When checking the MoIs against the universal aspirations of the 2030 Agenda, three quite significant features emerge: (1) a first majority of the MoIs are framed in a universal way, addressing all countries, “developed” as well as “developing” countries alike; (2) a second, overlapping majority of the MoIs are exclusively, or with a special focus, geared towards “developing countries”; (3) not one of the MoIs is geared exclusively, or with a special focus, towards “developed countries”.14 More specifically: the first majority (34 out of 62) of the MoIs are framed in a universal way, including nine of them giving an additional reference to “developing countries”. When taking the latter together with the 28 MoIs that refer exclusively to implementation in “developing countries”, one arrives at a second majority (37 out of 62) of the MoIs geared at least partly towards the “developing countries”, including those that call for support by “developed countries”.
Furthermore, two other features are significant. First, all but one of the MoIs (18 out of 19) that address the regulation of governmental and non-governmental behaviour (including norm-setting) are framed in a strictly universal mode; most of them (14) are related to the domestic implementation in both “developed” and “developing” countries. Second, most of the MoIs that are geared towards the promotion of non-governmental behaviour (16 out of 23) and international cooperation (12 out of 19) have an exclusive focus on “developing countries”, addressing primarily the external relations of, and the conditions within, these countries.

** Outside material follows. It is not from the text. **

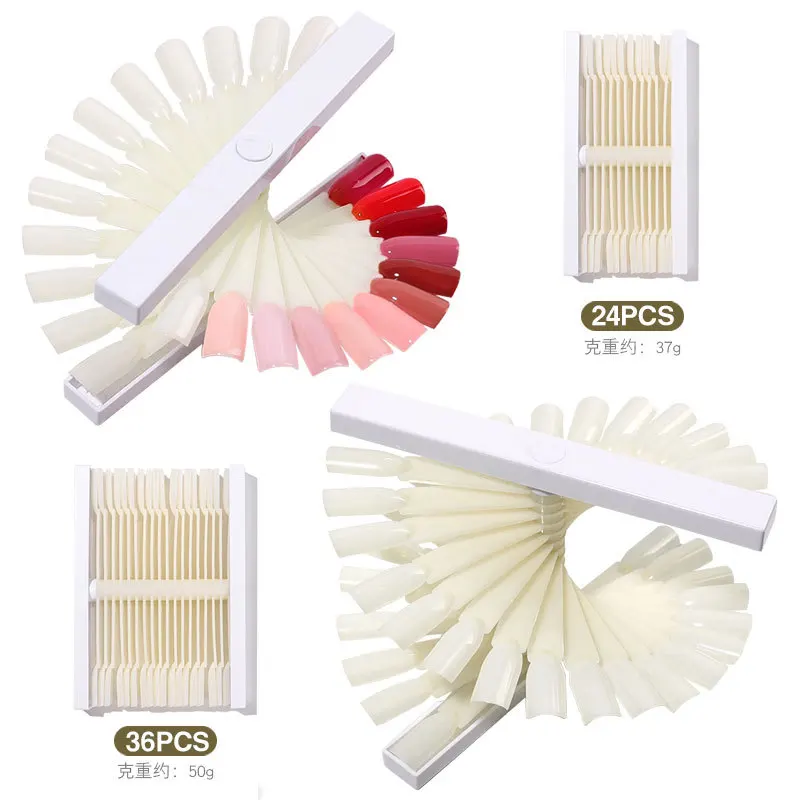 

50pc Nail False Tips Polish Display Natural/Clear/Black Round For Practice DIY Salon Color-Show Tool Pattern Display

7.2.7 Unfinished Business: “Developed Countries” Are Not Left off the Hook

This two-faced character of the means of implementation of the 2030 Agenda—strongly universal on the one hand, and lopsided towards “developing countries” on the other hand when it comes to specifics—reveals that the Copernican turn in development thinking being ushered in by the 2030 Agenda is still incomplete with regard to implementation, institutions, and instruments. This incompleteness reflects the interests of, and power relations between, major groups of countries as well as institutional path-dependencies inherited from the pre-2015 world. As “developing countries” have become used to goals being set by the international community for their domestic development (such as the MDGs), this is in many ways quite a new experience for “developed countries”, in particular when operating within a common framework with “developing countries”. For “developing countries”, internationally agreed goals—including their commitments to implement them via domestic actions—have been acceptable as long as they are accompanied (quid pro quo) by commitments, although often vague, from “developed countries” to support this implementation through aid and other means. “Developed countries” have more or less accepted these commitments but remained hesitant about accepting means to monitor and enforce their implementation, even more so if they relate to issues where their own domestic and the international development goals conflict (King 2016). Thus, this hesitation by “developed countries” tends to increase even further with the 2030 Agenda, as now monitoring and implementation relate also to issues that are traditionally seen as being primarily domestic ones, without prima facie significant external relevance.
In addition, the pre-existence of the traditional development cooperation architecture with its institutions and instruments rendered it quite easy to draw on them when designing the MoIs of the 2030 Agenda. At the same time, this tended to be reinforced by the institutional interests of actors within this architecture on both the “donor” and “recipient” sides. At the same time, a more detailed inclusion of means of implementation beyond the development cooperation architecture—for example in areas such as international human rights covenants, trade agreements, international finance, or even environmental conventions—was met with some hesitation from many sides, not least by institutional actors in these areas that wanted to avoid “subordination” to a framework not of their own making. Thus, it is quite plausible that the negotiations on the 2030 Agenda (Dodds et al. 2017) settled with a prevalence of MoIs related to “developing countries” and development cooperation but only included a few weaker hints to other institutional arenas.
However, although the MoIs do not make specific references to implementation in “developed countries”, these are not released from their respective responsibilities. The letter and the spirit of the majority of the MoIs are truly universal and establish a responsibility, in the sense of “obligation” (Bexell and Jönsson 2017), also of “developed countries” to act on the SDGs domestically and in their relations with each other. Furthermore, the agenda itself calls on all countries to put “cohesive nationally owned sustainable development strategies” at the heart of the efforts and underscores “that, for all countries, public policies and the mobilization and effective use of domestic resources, […] are central” (UN 2015c).
This is all the more compelling with regard to the “developed countries”. Their gross domestic product (GDP) amounts to roughly three-fifths of global GDP, and their trade and foreign direct investment just between them amount to roughly half of both. But it is not only these figures that matter due to their sheer size in addition to the spillover effects on other countries and the planet that go along with them (Schmidt-Traub et al. 2019). Also, the patterns of production and consumption, of trade and foreign direct investment, and, for example, of knowledge production and technological development that prevail within and between “developed countries” critically shape the global system and their interactions with other countries.
Furthermore, and most importantly, without being embraced also by the people of “developed countries” as a positive agenda that is beneficial to themselves as well, the 2030 Agenda will not get the required societal and political support. It is therefore of critical importance to link core societal concerns in “developed countries” to the SDGs and integrate them as guiding objectives in the respective domestic policies.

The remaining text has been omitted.